The fish-egg causality...thing

Haruki Murakami's descriptions of food make me hungrier than just about any other.  I began puzzling this over the other day.  Oddly enough, most of the time they are barely even descriptions, just matter-of-fact statements about what characters are eating or preparing for dinner.  For a while I thought that maybe Murakami's tastes just matched my own.  The grilled fish and omelettes that Nakata and the truck driver order in Kafka On The Shore would have sounded good to me anytime, and my mouth was watering even before a more detailed description (and even then, not very) of "omelettes, salt-grilled mackerel, miso soup with shellfish, pickled turnips, seasoned spinach, seaweed" was offered.  But I found myself experiencing cravings for other food that was hardly mentioned in other parts of the book.  Even in Norwegian Wood, in which Midori's self-taught skills in cooking authentic Kansai cuisine are heavily lauded, I don't recall there being much imagery concerning the actual food itself.  It is mentioned that there are (once again) eggs, mackerel, eggplant, and mushrooms.  But that's almost a direct quote.  Murakami prefers to list ingredients and sometimes just faintly outline cooking procedures.  Admittedly, eggs and eggplant are two of my favorite ingredients of all time, so again, it could just be a matter of taste.  I didn't give much thought to it previously.  But now I've started reading The Wind-Up Bird Chronicle, and aside from it being my favorite Murakami so far, it has also made me realize that something truly funny is going on.  In one scene, a character pours two glasses of orange juice, one for himself and one for a woman who is in the middle of telling him a story.  I think it is mentioned that the orange juice has ice in it, but that's it.  I'm not even that big on orange juice, but of course all of a sudden it sounded like the best thing in the world.

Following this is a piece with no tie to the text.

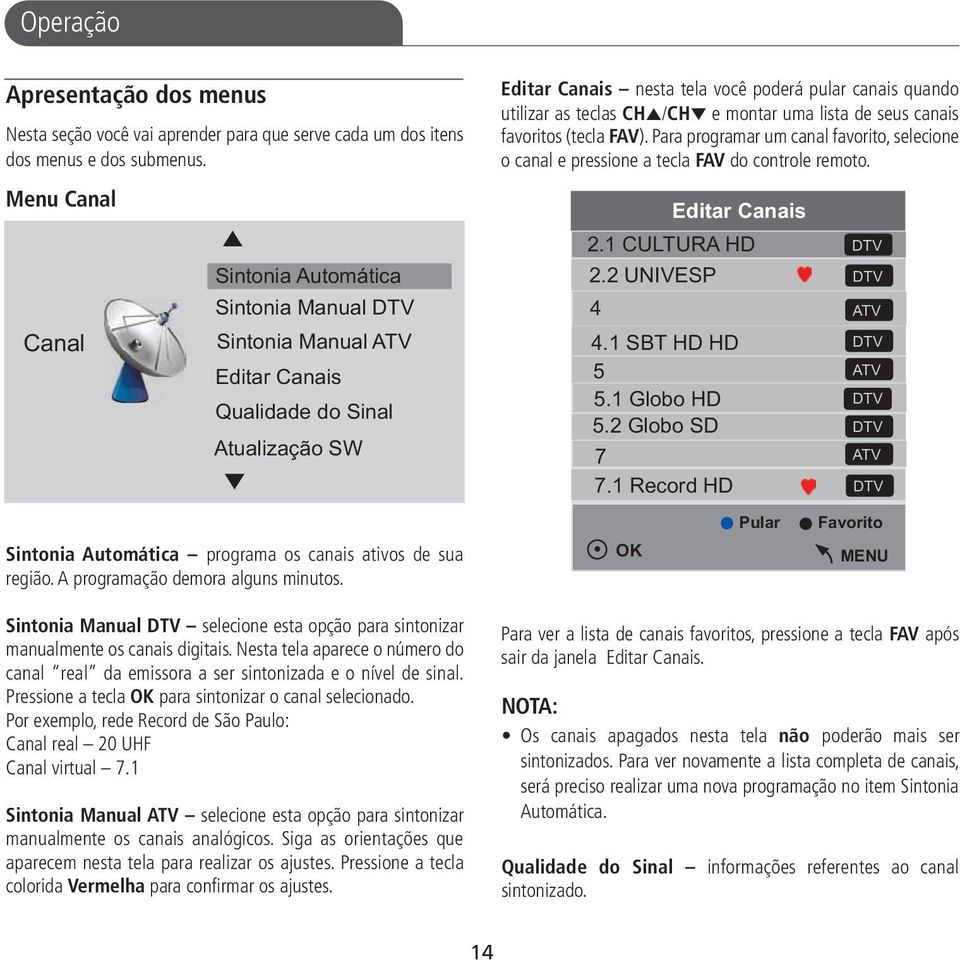 teclas CH5/CH e montar uma lista de seus canais favoritos (tecla FAV). Para programar um canal favorito, selecione o canal e pressione a tecla FAV do controle remoto. Editar Canais 2.1 CULTURA HD 2.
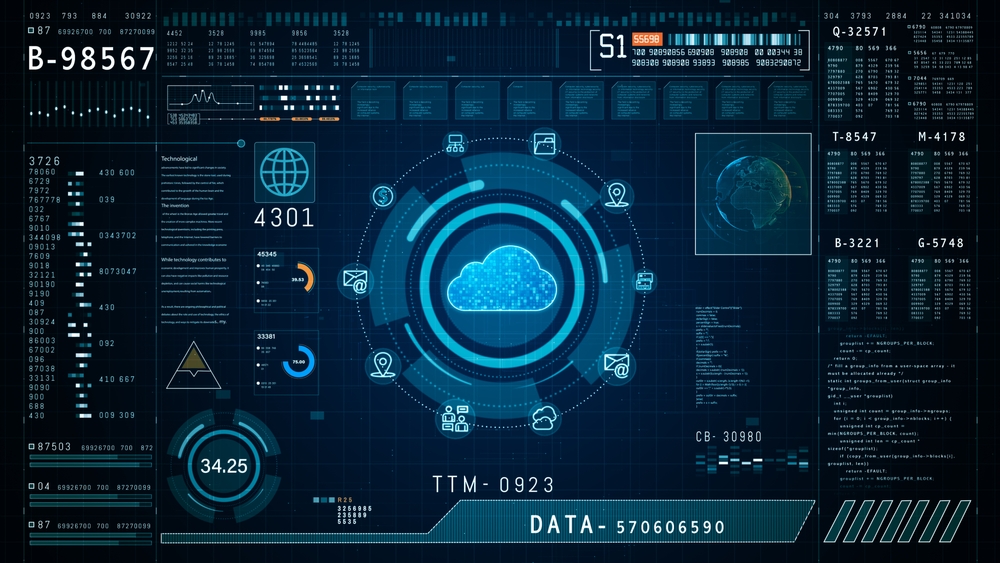 security dashboard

So I don't know.  Like Murakami's work, there's something vaguely supernatural about this.  My only theory is that it has to do with a sense of ceremony.  For example, the glasses of orange juice are, if I'm remembering correctly, placed on a tray.  There is usually plenty of detail given to things ordinary people think about: the food they like, the clothes they wear, the music they listen to.  This is part of the pop-phenomenon quality of his work.  But detail does not equal description in this case.  I have been bored reading Murakami before, mostly in accounts of those characteristic vaguely supernatural goings-on that act as a counterpoint to "normal life," (such as in Hard-Boiled Wonderland and the End of the World and also After Dark).  I have nothing against the structure itself, but the language itself didn't work for me at times (though of course how the translation affects this I have no idea).  But I have never been bored with his sometimes seemingly pointless lists.  I love learning about the specifics of what his characters care about, and they seem to respect specifics themselves.  The respect for food is great, and the fact that it is always given due attention, that you know Murakami will never let someone's afternoon snack go by without telling you about it, is appealing to me.  Perhaps it's just the idea that life is worth taking slowly enough to create mental lists, and that thick books can be filled with people's inner worlds while at the same time the immediate things are as tangible as a chocolate chip cookie or an old man with a funny accent.

Anyhow, I'm not sure why it's taken me this long to read The Wind-Up Bird Chronicle, or why it seems so much better than any of his other work (that I've read) so far, but I am inclined to wrap up this blog entry so I can get back to it pronto.